Dans son communiqué, l’ADHA dit suivre avec une attention particulière cette affaire qu’elle juge révélatrice d’un possible dysfonctionnement dans l’application des règles de procédure. L’organisation avertit que, si les faits rapportés s’avéraient exacts, ils constitueraient une atteinte grave aux droits fondamentaux, notamment à la liberté de circulation, à la dignité de la personne et au droit à une procédure régulière. Toutefois, l’ADHA appelle à la prudence et rappelle que le respect de la présomption d’innocence reste un principe cardinal en droit sénégalais.
L’organisation invite les autorités judiciaires et administratives compétentes à faire preuve de transparence en publiant les éléments légaux justifiant la mesure d’interdiction de sortie du territoire. Elle appelle également les institutions nationales de contrôle et de défense des droits humains à veiller à la stricte application des garanties constitutionnelles et conventionnelles en la matière.
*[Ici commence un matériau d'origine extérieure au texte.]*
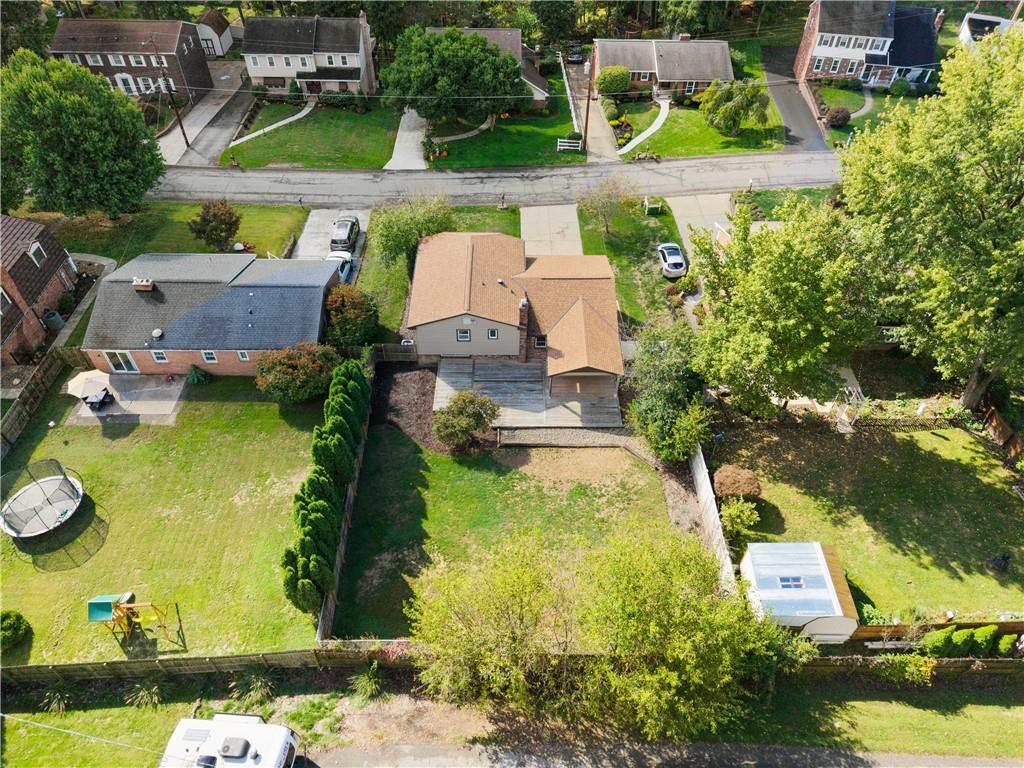 174 North Jamestown Road Coraopolis, PA 15108 - Photo 27 of 27 an aerial view of a house with a garden and swimming pool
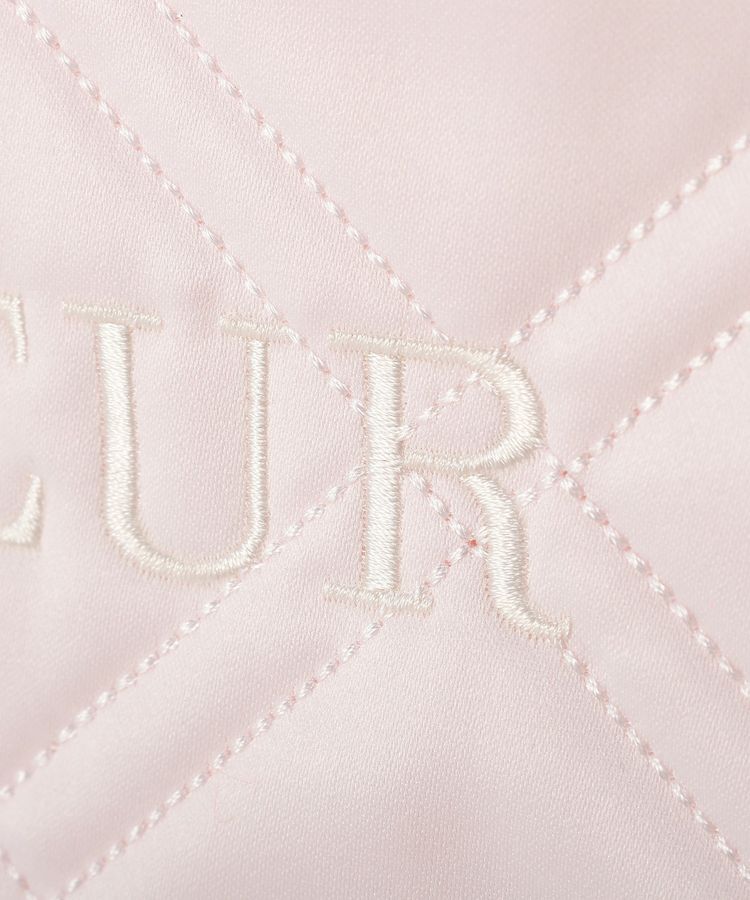 Maison de FLEUR「【A4対応/キャリーオン】ギャザーハンドルキルティングキャリーオンバッグ」|トートバッグ|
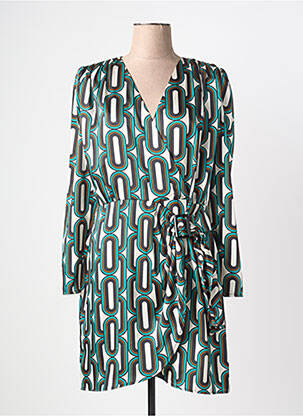 Rochie scurtă albastru MORGAN femeie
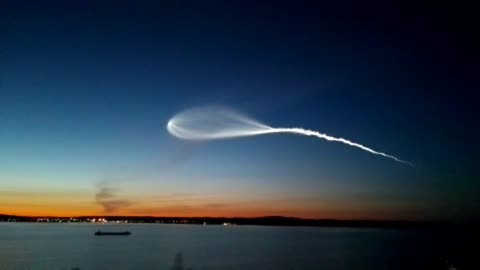 Rocket exhaust effect 😱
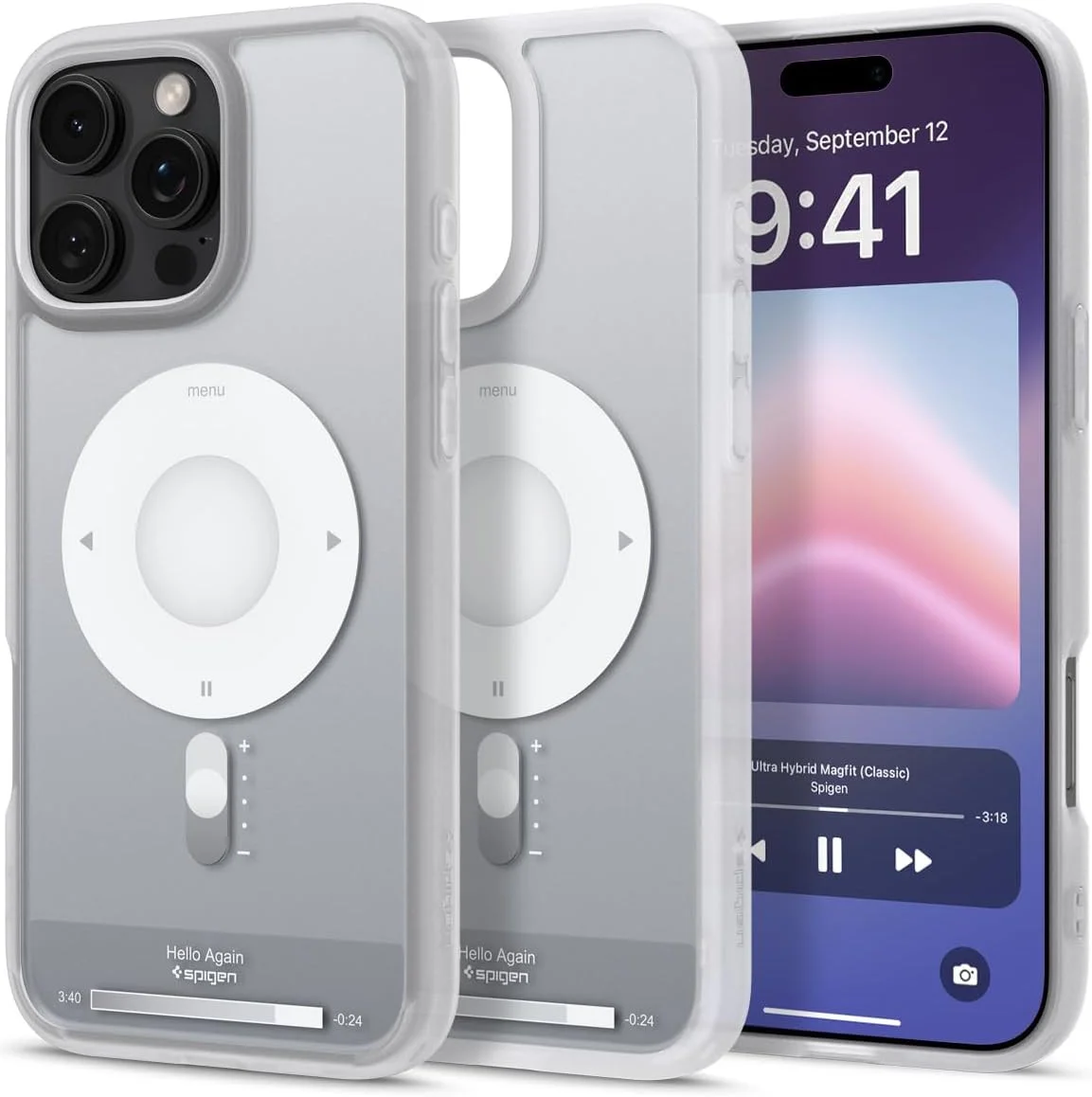 Spigen Ultra Hybrid MagFit Apple iPhone 16 Pro Max Hoesje MagSafe Classic Zilver afbeelding 1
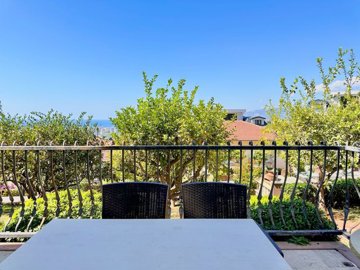 Sea View Three-Bedroom Villa For Sale In Kargicak, Alanya - Sea view terrace from the lounge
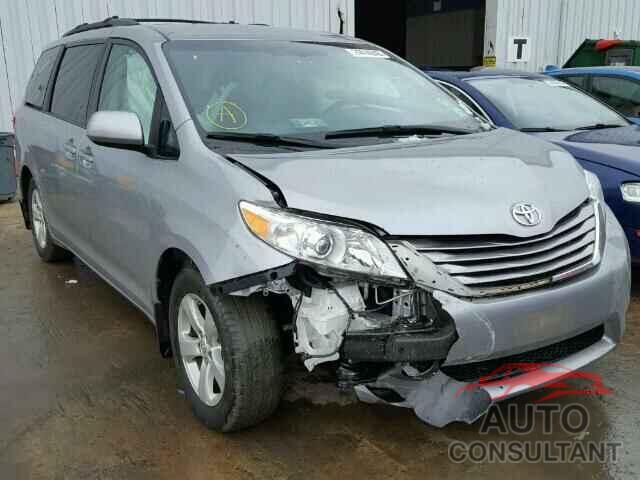 TOYOTA SIENNA 2015 - 5TDKK3DC6FS667394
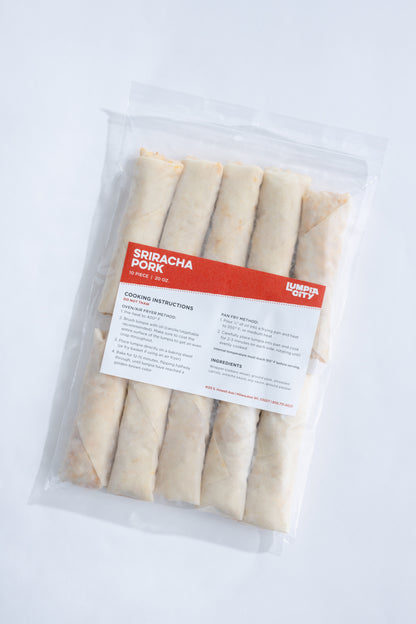 Sriracha Pork Lumpia
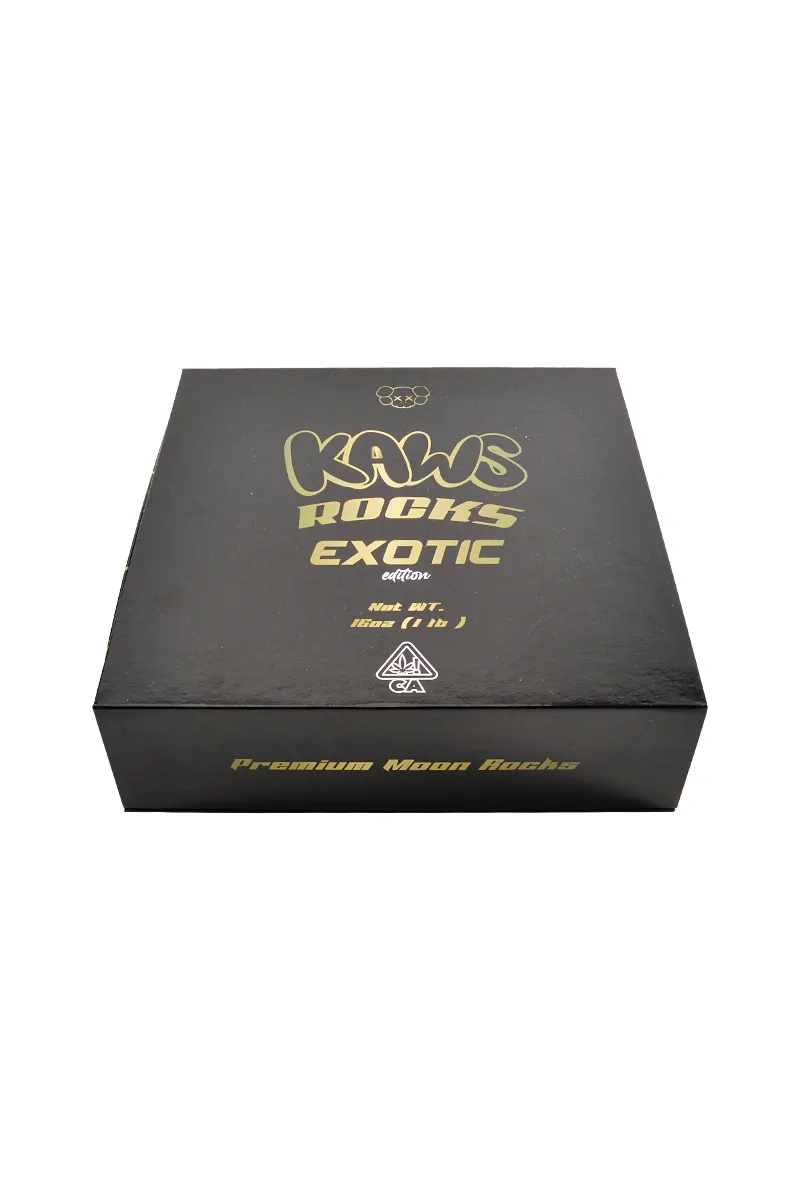 Kaws Moon Rocks Exotic Edition 1 oz Glass Jar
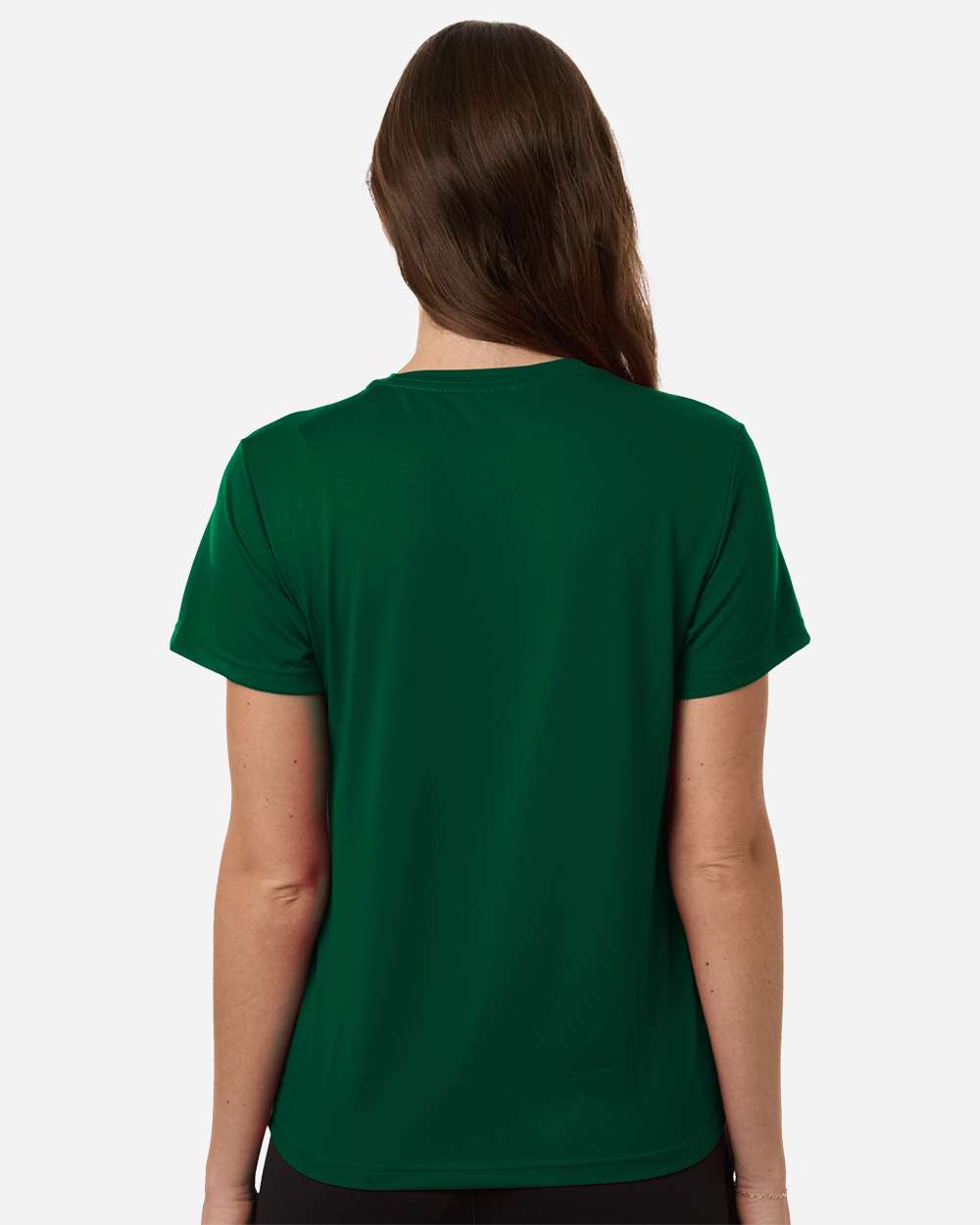 Adidas At102 Women’s Pregame T-shirt - Dark Green White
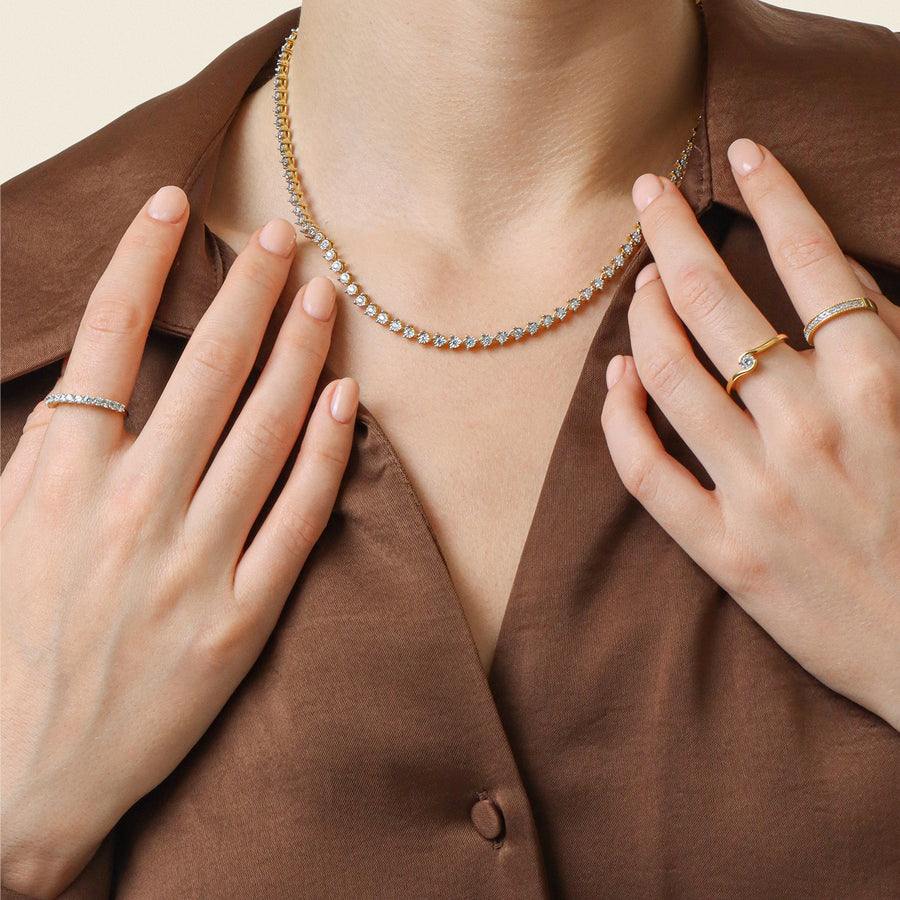 Lab-Grown  Golden Eternity Band Ring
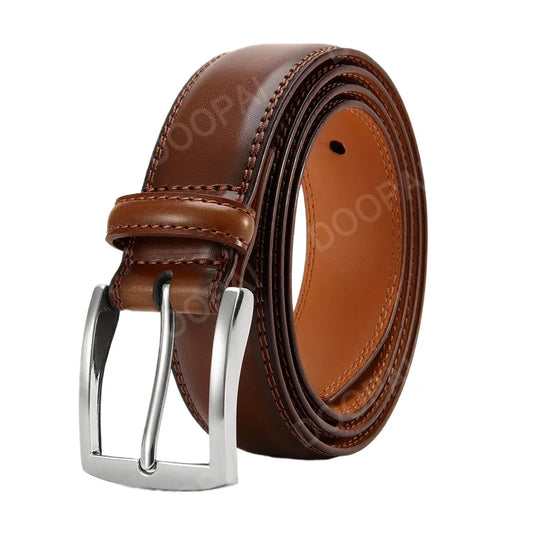 Men's High Quality Genuine Leather Pin Buckle Belts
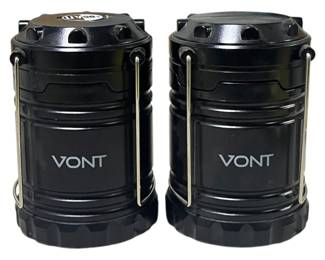 TWO Vont LED camping lanterns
Par ailleurs, l’ADHA exhorte les citoyens et les acteurs politiques à s’abstenir de toute récupération partisane de cette affaire, afin de préserver la sérénité du débat public et de maintenir la confiance dans les institutions républicaines. Elle rappelle enfin son engagement constant à défendre les droits fondamentaux de tous les citoyens, quelle que soit leur appartenance politique ou sociale.
Fidèle à sa ligne de défense des libertés, l’ADHA rappelle qu’elle s’était déjà mobilisée dans le passé pour dénoncer les atteintes aux droits de l’homme dans plusieurs affaires politiques sensibles, notamment celles concernant le leader Ousmane Sonko. L’organisation réaffirme ainsi son attachement à un État de droit fondé sur la transparence, l’équité et le respect des principes démocratiques.